As he crossed the barrier, a line appeared on the ground below him. It was the uneven, dark splash made by water spilled onto dry earth, and it encircled the entire hilltop. When Ganelon reached down to touch the dark line, it retreated from his fingers. The thin black band squirmed like a serpent, the ripples flowing along its length in both directions until they disappeared. Finally, when it could retreat no farther, the line broke. It flared blue-white for an instant before dissipating.

"A fine trick," someone called from up the hill. "You must teach it to me."

Ganelon recognized that melodious voice and hurried to find the speaker. In the shadow of the Engine House, in a small circle cleared amongst the debris of the shattered wall, he found him.

The Bloody Cobbler struggled in vain to push himself up from the dirt. Gore spattered his ripped and tattered clothes. Most of it now was from his own wounds. His fingers had been broken, the flesh stripped from his chest. Clumps of his fair hair lay upon the ground alongside the blood-soaked tools of his trade. The silver snips and needles and knives had all been bent or broken.

As the Cobbler looked up at Ganelon, it appeared for an instant as if he had no face, only a mass of pulped flesh.

Tm here to stop him," Ganelon said simply.

"I know the path you walk," the Cobbler replied through swollen lips.

"Of course you do," Ganelon said. He reached out to help the Cobbler to his feet and felt that same sensation of cold, still water. There were wards here, too, tight around the Cobbler to keep him from escaping. When the line appeared in the dirt, he reached down and broke it.

" 'No one who has died may cross it,' " the Cobbler repeated in a singsong voice. " 'No one who is merely alive may break it,' Azrael used to taunt me with that during our little… chats. He set up the wards so not even he could break them." He wiped the gore from his face with his cloak. The damage was not as great as it had seemed. "I'm certain he never imagined there was someone who could."

Ganelon looked down at his feet. The dead man's soles made him more than "merely" alive but not truly dead.

The Cobbler sat up. "I'd stitch myself up if I had time," he said absently. He lifted one of his needles from the ground, frowned at its sorry state. "There's little of that left for any of us, though."
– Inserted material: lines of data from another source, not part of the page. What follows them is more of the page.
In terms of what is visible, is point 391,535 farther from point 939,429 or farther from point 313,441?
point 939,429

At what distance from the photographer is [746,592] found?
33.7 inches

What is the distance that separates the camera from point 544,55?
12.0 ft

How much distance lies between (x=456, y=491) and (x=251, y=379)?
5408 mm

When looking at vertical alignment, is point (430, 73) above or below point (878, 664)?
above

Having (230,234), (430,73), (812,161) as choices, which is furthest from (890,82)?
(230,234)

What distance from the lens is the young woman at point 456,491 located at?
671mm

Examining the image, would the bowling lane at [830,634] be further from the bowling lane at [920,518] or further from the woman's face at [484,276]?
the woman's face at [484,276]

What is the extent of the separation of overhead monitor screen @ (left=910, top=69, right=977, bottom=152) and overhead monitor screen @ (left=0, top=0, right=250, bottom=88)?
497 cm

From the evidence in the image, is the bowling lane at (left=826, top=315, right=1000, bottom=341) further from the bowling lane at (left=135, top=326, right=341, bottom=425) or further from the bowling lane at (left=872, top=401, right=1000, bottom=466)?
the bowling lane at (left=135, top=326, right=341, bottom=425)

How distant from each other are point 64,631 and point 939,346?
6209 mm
"Then, it's over," Ganelon said.

The Cobbler gestured toward the late afternoon sky, just beginning to dim with the first hints of twilight. "No," he said. "We are finally ready to begin."

Ganelon followed the Cobbler's crooked finger with his eyes. There, marring the boundless blue overhead, hung a small crimson smudge. A red moon, Ganelon realized after a moment.

"They made it back to the Rose," the Cobbler offered. "Helain and the others."

"Is she-?"

"The Beast kept his word." The Cobbler laughed brightly. "As if he could even imagine breaking it! No, Helain's madness has been lifted."

As the Cobbler stood, it was clear to Ganelon that his wounds were already healing. Even his clothes seemed to be mending themselves. The pale-clad man extended a hand to Ganelon. In it he held a silver knife, the least damaged of his tools. "Take it," he said. "I would stay to help you, but-"

"Your path leads elsewhere," Ganelon concluded. He gratefully took the blade and tucked it into the small duffel he carried slung over one shoulder. "After all," the young man added cryptically, "he needs you."

The comment baffled the Cobbler for an instant. Then he nodded gravely; the Invidian spy had asked him his identity just before he died. Ganelon share that knowledge.

With a smile and a flourish of his broad-brimmed hat, the Bloody Cobbler disappeared into the Engine House's lengthening shadow.

As he made his way to the mine entrance, Ganelon thought about the reunion that awaited the Cobbler, about the reunion he imagined for himself and Helain. It seemed unlikely, but then, so many impossibilities had come true in the past few weeks he could not let the hope die. Even now, a second new moon struggled to be seen in the sky overhead, one as red as the rose Helain had given him when last they parted.